I think you're right about that BS turn too..., i ride up the wall easily on the heel edge, but as I unweight the board, I have this tendency to wanna look 'down' the pipe, which doesn't let me get the full rotation. That, coupled with the fact that riding DOWN the wall on the toe edge scares me a bit.

Even when turning 180s and attempting 360s, I'm WAY more comfortable turning FS.... yeah, FS


----------



## kri$han (Feb 24, 2007)

oneplankawanka said:


> shred the gnarwal!!! and remember to SMILE while yer doing it..:laugh::laugh:


I wish everyone felt this way...lol. As an 'older' n00b in the park, I always get funny looks from the kids in there like "hey, you're old enough, you should be good at this by now"

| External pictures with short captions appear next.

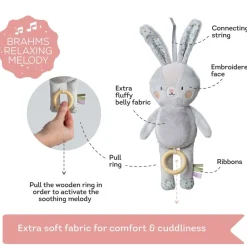 Music Bunny, TAF Toys, Rylee New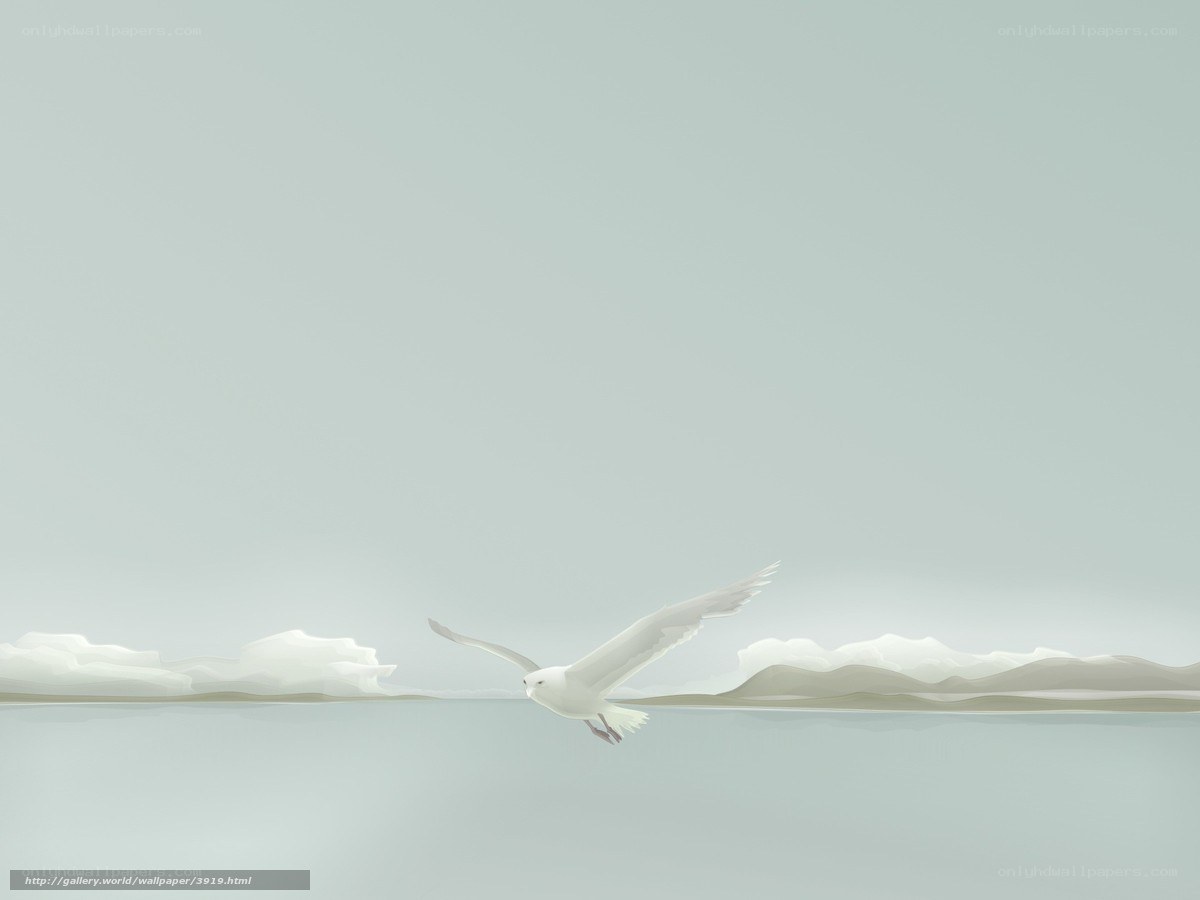 Seagull Flying Over Water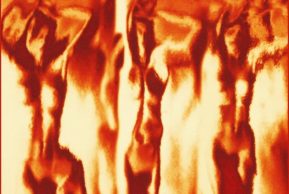 Баллада о черной розе. Сеитумер Эмин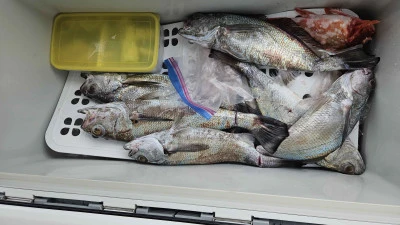 海斗の2026年2月10日(火)3枚目の写真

Could all be in my head, though...


----------



## kri$han (Feb 24, 2007)

Good call, man!.. you're right, although not going as steep tends to build more speed, its still way easier...

thanks...


----------



## romesaz (Nov 21, 2007)

kri$han said:


> You do make valid points, but allow me to step in as a pipe noob, to anyone that wants to get in the pipe.
> 
> I can make confident, proper turns, high speed, utilising board flex (not rear-foot rudder steering), or I can board slide turn like everyone else. I can 'hop' turn, and 'hop' to switch and ride an edge very well... it was once I had all these things down that I decided to try the pipe.
> 
> ............


hoooold on... the pipe at Blue actually OPENED? Not that I've the skill for it, but I didn't see it open ONCE last season :\. Which was very appealing since there was nothing but tons of snow in it, and I wanted to just bomb down the flats


----------



## squishydonut (Nov 13, 2007)

excellent thread, one of a few recently. :thumbsup:


----------